**Dataset records**
((

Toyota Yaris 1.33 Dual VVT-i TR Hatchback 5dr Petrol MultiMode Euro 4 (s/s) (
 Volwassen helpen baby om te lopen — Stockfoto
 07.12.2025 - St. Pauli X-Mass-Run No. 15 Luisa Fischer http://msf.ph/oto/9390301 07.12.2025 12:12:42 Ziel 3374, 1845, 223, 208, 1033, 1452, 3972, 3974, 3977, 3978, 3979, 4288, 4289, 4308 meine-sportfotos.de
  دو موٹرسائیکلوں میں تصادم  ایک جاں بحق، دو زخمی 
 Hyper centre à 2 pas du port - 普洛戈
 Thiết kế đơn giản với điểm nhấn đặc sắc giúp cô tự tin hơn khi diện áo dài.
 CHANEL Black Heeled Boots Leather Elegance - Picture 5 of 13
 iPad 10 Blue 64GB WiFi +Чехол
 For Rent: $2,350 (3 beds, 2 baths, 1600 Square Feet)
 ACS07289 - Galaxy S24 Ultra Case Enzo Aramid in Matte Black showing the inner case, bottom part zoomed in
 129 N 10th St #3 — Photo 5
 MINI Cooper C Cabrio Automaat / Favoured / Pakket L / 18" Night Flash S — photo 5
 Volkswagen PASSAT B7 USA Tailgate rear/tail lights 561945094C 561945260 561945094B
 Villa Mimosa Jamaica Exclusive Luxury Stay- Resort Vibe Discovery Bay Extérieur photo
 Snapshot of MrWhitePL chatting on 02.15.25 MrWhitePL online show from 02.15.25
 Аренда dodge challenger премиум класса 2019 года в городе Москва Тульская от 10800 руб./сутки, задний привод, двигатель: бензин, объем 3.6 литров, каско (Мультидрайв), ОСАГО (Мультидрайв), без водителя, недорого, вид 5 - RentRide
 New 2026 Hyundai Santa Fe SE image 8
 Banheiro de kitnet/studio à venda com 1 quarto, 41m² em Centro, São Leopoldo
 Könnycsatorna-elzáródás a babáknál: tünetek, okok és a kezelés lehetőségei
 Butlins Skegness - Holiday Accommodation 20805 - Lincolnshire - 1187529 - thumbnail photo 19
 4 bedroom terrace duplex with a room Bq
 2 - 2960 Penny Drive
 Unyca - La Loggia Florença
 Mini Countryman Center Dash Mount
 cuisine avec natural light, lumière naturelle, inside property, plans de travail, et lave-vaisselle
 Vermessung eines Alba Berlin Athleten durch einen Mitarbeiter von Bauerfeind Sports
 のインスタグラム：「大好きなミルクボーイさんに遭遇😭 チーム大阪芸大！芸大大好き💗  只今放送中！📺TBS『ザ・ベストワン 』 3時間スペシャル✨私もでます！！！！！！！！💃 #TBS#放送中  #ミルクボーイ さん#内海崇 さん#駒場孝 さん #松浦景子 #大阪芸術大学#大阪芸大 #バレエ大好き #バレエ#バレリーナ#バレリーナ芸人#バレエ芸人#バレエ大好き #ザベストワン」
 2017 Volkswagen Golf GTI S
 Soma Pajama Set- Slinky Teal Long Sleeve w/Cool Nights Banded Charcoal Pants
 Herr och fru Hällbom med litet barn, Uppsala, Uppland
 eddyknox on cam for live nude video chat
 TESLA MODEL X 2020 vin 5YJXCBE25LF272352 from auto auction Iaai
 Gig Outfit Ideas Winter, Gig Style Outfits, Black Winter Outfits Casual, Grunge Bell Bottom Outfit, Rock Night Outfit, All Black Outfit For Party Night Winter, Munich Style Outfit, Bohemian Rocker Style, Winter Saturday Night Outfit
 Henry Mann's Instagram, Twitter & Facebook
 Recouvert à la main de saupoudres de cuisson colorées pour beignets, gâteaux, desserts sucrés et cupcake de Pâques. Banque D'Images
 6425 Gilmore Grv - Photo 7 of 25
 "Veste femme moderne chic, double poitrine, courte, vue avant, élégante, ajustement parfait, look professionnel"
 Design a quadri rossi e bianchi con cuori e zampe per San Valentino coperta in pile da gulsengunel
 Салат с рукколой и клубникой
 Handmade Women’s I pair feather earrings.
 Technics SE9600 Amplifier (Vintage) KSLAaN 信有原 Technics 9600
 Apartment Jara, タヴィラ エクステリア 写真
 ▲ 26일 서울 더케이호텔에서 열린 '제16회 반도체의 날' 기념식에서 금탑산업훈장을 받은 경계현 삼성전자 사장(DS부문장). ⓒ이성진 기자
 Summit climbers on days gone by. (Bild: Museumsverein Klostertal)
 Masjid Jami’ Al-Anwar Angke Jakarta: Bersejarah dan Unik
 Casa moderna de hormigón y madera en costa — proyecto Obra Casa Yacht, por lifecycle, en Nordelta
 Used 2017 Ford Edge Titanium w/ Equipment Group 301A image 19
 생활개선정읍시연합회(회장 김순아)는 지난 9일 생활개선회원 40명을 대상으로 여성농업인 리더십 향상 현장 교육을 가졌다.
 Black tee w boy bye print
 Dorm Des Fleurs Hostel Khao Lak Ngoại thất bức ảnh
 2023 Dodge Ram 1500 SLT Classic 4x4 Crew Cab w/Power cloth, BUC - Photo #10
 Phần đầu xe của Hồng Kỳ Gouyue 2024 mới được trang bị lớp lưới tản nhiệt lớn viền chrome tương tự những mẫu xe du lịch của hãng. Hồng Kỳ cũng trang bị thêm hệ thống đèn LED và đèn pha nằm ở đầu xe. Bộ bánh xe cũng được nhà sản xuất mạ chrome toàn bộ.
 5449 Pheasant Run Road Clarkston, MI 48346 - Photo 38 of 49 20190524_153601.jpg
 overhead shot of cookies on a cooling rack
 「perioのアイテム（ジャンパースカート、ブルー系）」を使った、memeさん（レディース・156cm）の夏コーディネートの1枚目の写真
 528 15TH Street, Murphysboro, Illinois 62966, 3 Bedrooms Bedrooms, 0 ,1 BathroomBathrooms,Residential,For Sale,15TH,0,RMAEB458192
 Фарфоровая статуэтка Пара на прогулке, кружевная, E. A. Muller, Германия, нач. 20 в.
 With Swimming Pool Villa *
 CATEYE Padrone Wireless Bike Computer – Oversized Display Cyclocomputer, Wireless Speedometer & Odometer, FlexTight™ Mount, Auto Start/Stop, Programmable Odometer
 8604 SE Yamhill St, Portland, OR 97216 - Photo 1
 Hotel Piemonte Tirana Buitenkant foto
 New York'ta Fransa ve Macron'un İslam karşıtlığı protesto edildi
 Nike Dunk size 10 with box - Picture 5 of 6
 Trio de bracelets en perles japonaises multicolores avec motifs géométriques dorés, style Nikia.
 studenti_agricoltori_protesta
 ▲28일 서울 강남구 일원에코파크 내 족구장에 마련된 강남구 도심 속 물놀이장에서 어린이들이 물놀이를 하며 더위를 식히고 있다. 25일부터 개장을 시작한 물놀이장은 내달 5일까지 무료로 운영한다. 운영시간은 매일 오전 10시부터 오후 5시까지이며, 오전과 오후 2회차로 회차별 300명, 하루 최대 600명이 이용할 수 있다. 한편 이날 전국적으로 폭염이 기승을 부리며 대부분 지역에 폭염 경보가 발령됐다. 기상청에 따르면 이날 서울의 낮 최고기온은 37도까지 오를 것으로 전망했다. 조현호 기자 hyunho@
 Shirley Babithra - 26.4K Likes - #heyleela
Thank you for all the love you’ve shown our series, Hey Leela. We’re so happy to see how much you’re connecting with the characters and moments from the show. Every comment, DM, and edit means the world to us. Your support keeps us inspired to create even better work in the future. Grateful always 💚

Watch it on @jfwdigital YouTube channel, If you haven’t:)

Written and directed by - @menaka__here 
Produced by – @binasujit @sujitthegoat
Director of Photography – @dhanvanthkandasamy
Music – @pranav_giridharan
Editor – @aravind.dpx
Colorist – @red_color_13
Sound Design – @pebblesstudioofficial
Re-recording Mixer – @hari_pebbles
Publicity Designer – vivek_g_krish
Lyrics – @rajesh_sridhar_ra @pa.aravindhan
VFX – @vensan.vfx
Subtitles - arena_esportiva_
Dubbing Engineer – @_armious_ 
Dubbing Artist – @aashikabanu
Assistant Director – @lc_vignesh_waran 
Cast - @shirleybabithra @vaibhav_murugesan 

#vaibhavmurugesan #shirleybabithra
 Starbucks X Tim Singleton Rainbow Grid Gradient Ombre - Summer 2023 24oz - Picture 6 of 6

))

If a line above holds the string "shirleybabithra", return it as it stands.

Cast - @shirleybabithra @vaibhav_murugesan 
#vaibhavmurugesan #shirleybabithra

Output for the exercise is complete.